I've made a rather big new years resolution - it is....no more resolutions. I mean really, how many people do you know that actually stick to their resolutions?! Why not just strive every day to be a better person, to eat healthy, to work on finances, etc, etc. Why choose New Years day to make this big announcement?! If there are changes you want to make, just do it, don't sit around waiting for New Years to get started! It's never to late!

That said, now that the holidays are officially behind us, and I am not baking every other day anymore, I am back to concentrating on eating healthier - notice I didn't say "diet".....to me diet implies that after some weight loss or something, that you can go back to eating all sorts of crap, when we all know the reality is, you can't. So hence the reason I said eating healthier. Part of my problem just comes from not eating a normal meal throughout the day and just kind of picking here and there. I also want to get more sleep - I've got to stop staying up so late scrapping and reading BZ. I get too worked up over there debating the hot issues of the day. LOL!! Anyways, I think in a couple weeks, I am going to go get a recumbant bike over at BJ's - I really wanted the Treadmill, but the bike is about $300 less, so I guess I'll have to settle for that.

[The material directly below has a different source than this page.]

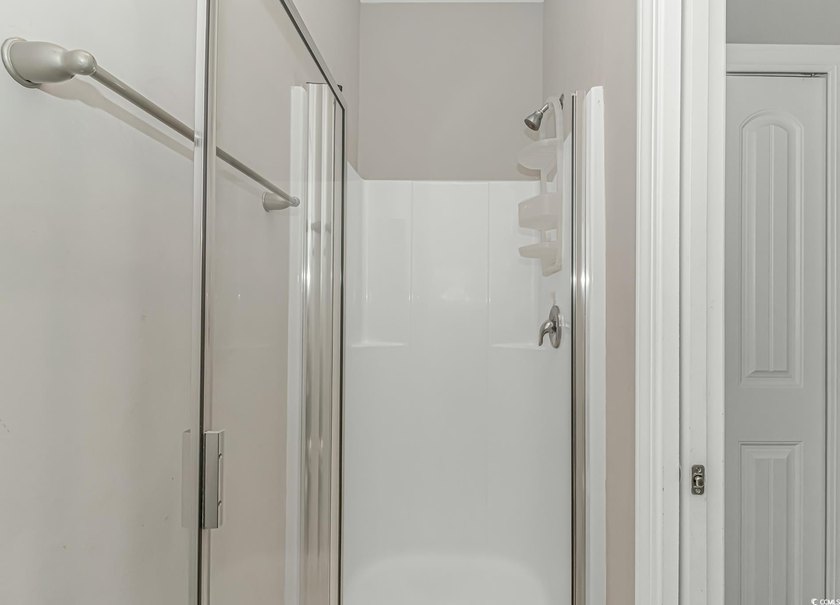 This very open and spacious 5-Bedroom, 5-Bath raised beach house - photo 14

Ok - must run - Prince Trevor is calling....

1 Comments:

Anonymous Anonymous said...

Hi Erin,
I'm so sorry you were having all those problems with people stealing your freebies. Just as an FYI (maybe others had this same situation) I tried 4 different times to download your Valentine's Day freebie and each time it was telling me that it was going to take 1 and a half to over 2 and a half hours to download. Since I couldn't tie the computer up that long I exitted back out and never did download it. If your freebie was being hijacked that could explain the absurd times. Don't know if this info gives you any new insite into the situation. Thanks for all the goodies you gave out. : D Have a beautiful day!